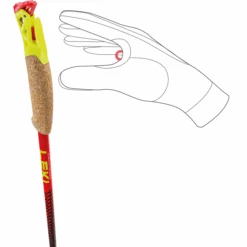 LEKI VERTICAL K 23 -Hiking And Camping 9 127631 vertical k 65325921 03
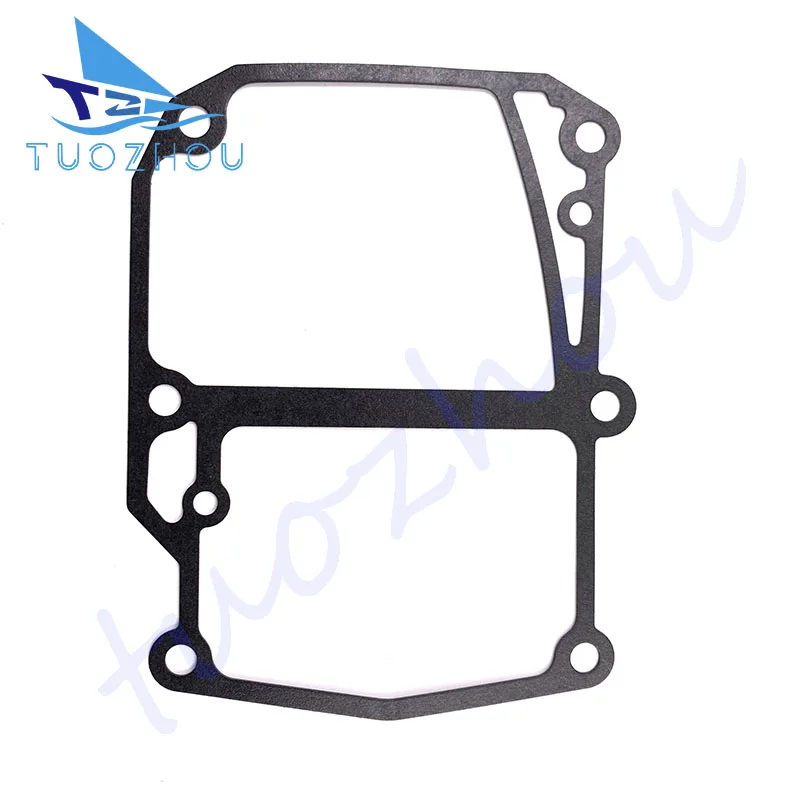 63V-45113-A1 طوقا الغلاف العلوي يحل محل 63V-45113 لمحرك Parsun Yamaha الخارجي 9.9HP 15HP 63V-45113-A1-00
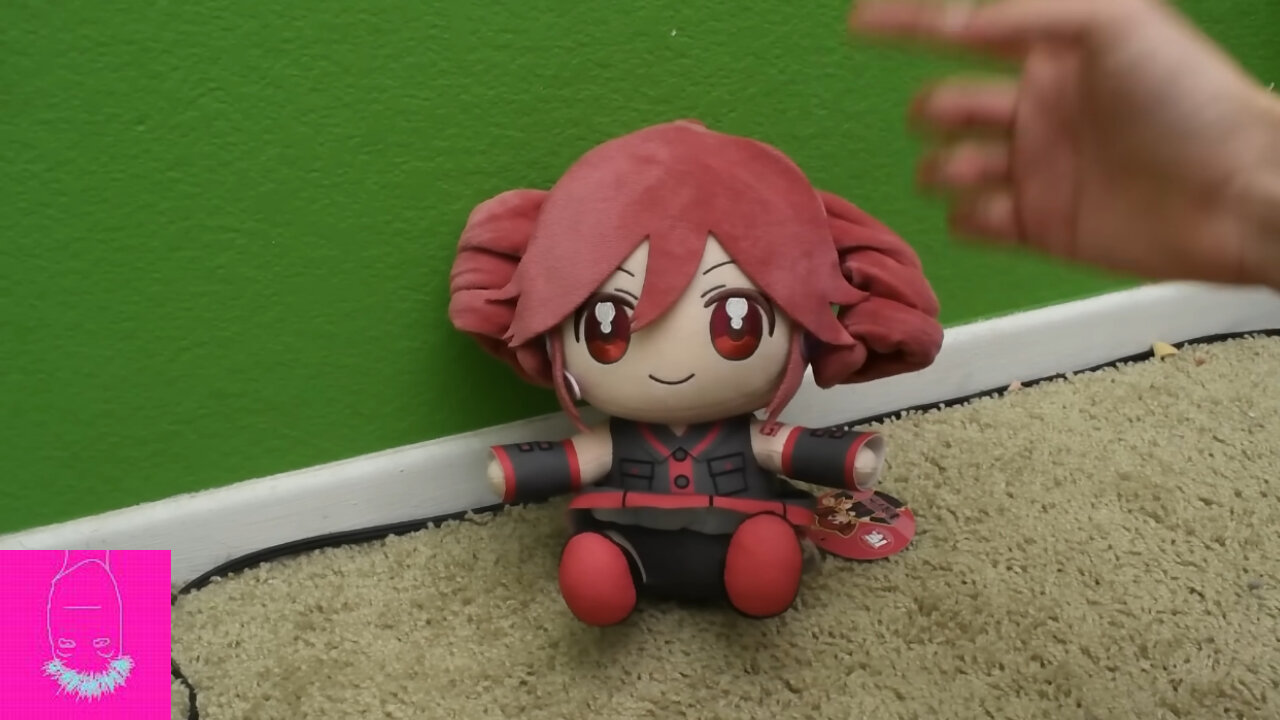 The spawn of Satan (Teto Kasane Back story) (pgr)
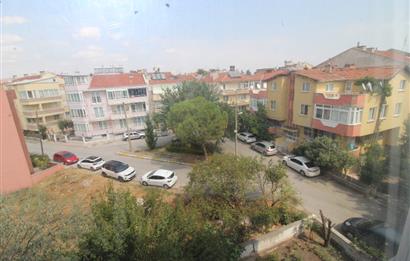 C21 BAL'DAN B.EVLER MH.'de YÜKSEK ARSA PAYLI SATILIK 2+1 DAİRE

▶ **TASK OBJECTIVE**:
Would you copy the lines from the one holding "The spawn of" down to the last line of the material, both included, exactly and with nothing added, skipping the pictures?

▶ **ANSWER TO THIS EXERCISE**:
 The spawn of Satan (Teto Kasane Back story) (pgr)
 C21 BAL'DAN B.EVLER MH.'de YÜKSEK ARSA PAYLI SATILIK 2+1 DAİRE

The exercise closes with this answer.